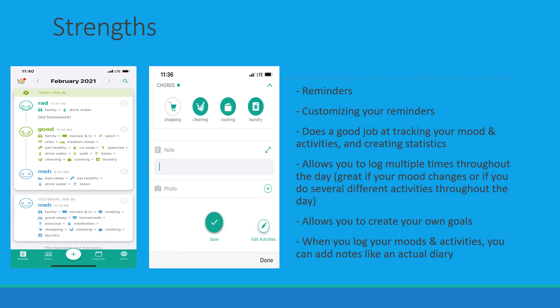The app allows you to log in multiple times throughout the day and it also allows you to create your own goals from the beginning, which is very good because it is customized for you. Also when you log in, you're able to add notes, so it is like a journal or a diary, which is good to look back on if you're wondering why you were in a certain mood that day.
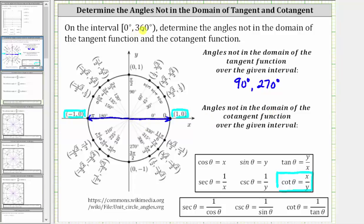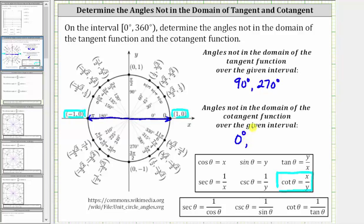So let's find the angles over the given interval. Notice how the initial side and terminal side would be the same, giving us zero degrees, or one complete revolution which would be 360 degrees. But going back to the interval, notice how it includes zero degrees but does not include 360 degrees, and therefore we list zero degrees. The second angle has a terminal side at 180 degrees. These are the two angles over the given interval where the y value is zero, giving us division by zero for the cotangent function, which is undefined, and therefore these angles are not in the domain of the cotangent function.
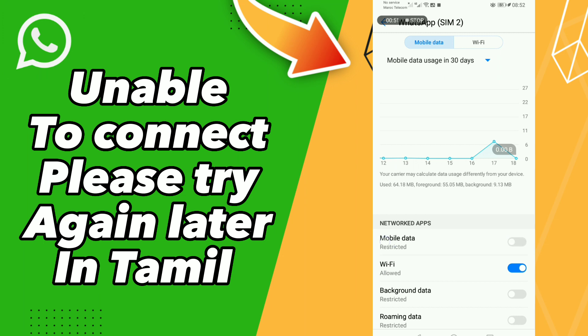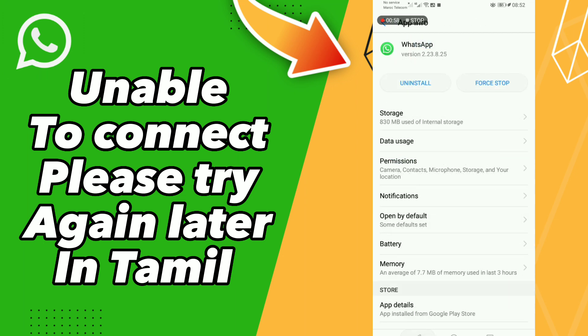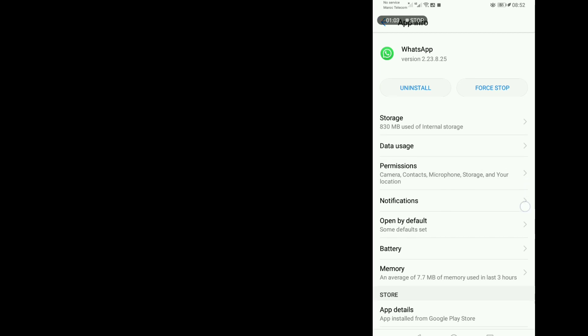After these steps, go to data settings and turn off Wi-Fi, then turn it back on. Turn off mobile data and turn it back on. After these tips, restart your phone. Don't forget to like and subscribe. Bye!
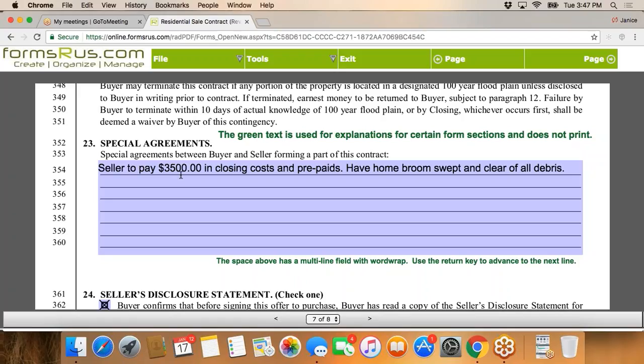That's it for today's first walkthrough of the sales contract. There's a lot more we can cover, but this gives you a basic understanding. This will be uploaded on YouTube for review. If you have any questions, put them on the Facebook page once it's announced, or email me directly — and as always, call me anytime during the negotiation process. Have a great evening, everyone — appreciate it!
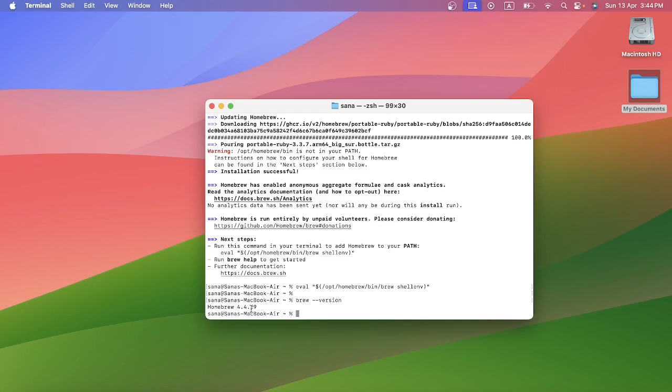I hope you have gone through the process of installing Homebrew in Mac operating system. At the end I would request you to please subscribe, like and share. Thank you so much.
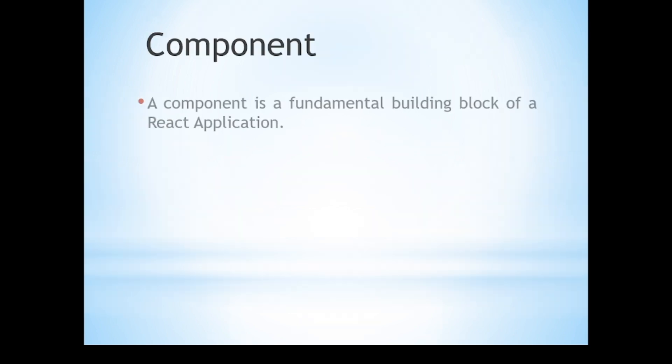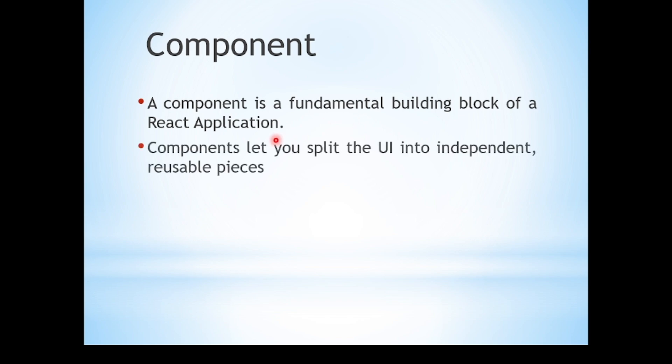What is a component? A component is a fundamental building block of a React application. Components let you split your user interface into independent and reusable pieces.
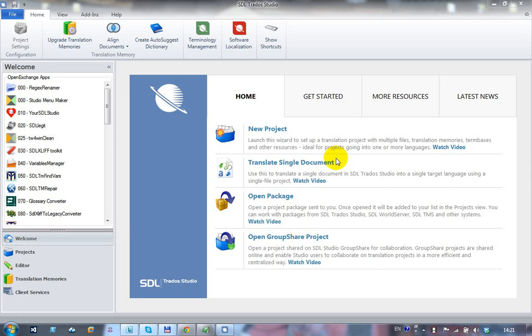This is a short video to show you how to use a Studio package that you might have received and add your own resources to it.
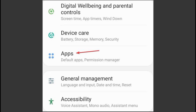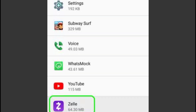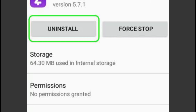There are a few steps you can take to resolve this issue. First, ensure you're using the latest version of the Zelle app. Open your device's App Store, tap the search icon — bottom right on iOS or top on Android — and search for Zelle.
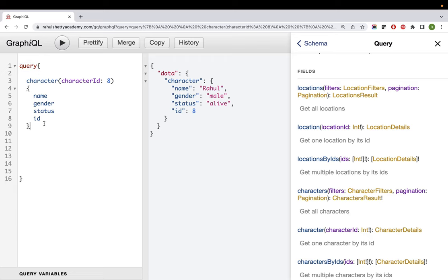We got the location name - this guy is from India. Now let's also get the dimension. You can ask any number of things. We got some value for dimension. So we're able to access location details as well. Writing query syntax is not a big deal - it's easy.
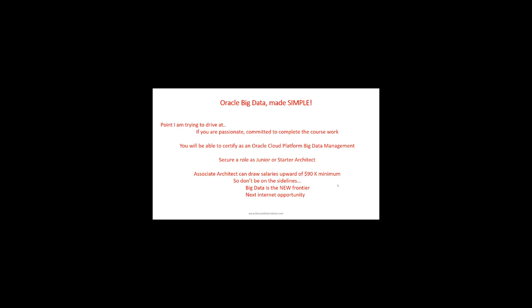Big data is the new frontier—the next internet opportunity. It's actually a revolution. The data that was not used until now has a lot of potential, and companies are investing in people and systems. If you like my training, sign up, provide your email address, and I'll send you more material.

### Work request:
Each line of the data above is to be output exactly; the pictures are not to appear.

### Task answer:
The app allows you to log in multiple times throughout the day and it also allows you to create your own goals from the beginning, which is very good because it is customized for you. Also when you log in, you're able to add notes, so it is like a journal or a diary, which is good to look back on if you're wondering why you were in a certain mood that day.
So let's find the angles over the given interval. Notice how the initial side and terminal side would be the same, giving us zero degrees, or one complete revolution which would be 360 degrees. But going back to the interval, notice how it includes zero degrees but does not include 360 degrees, and therefore we list zero degrees. The second angle has a terminal side at 180 degrees. These are the two angles over the given interval where the y value is zero, giving us division by zero for the cotangent function, which is undefined, and therefore these angles are not in the domain of the cotangent function.
After these steps, go to data settings and turn off Wi-Fi, then turn it back on. Turn off mobile data and turn it back on. After these tips, restart your phone. Don't forget to like and subscribe. Bye!
That's it for today's first walkthrough of the sales contract. There's a lot more we can cover, but this gives you a basic understanding. This will be uploaded on YouTube for review. If you have any questions, put them on the Facebook page once it's announced, or email me directly — and as always, call me anytime during the negotiation process. Have a great evening, everyone — appreciate it!
I hope you have gone through the process of installing Homebrew in Mac operating system. At the end I would request you to please subscribe, like and share. Thank you so much.
What is a component? A component is a fundamental building block of a React application. Components let you split your user interface into independent and reusable pieces.
This is a short video to show you how to use a Studio package that you might have received and add your own resources to it.
There are a few steps you can take to resolve this issue. First, ensure you're using the latest version of the Zelle app. Open your device's App Store, tap the search icon — bottom right on iOS or top on Android — and search for Zelle.
We got the location name - this guy is from India. Now let's also get the dimension. You can ask any number of things. We got some value for dimension. So we're able to access location details as well. Writing query syntax is not a big deal - it's easy.
Big data is the new frontier—the next internet opportunity. It's actually a revolution. The data that was not used until now has a lot of potential, and companies are investing in people and systems. If you like my training, sign up, provide your email address, and I'll send you more material.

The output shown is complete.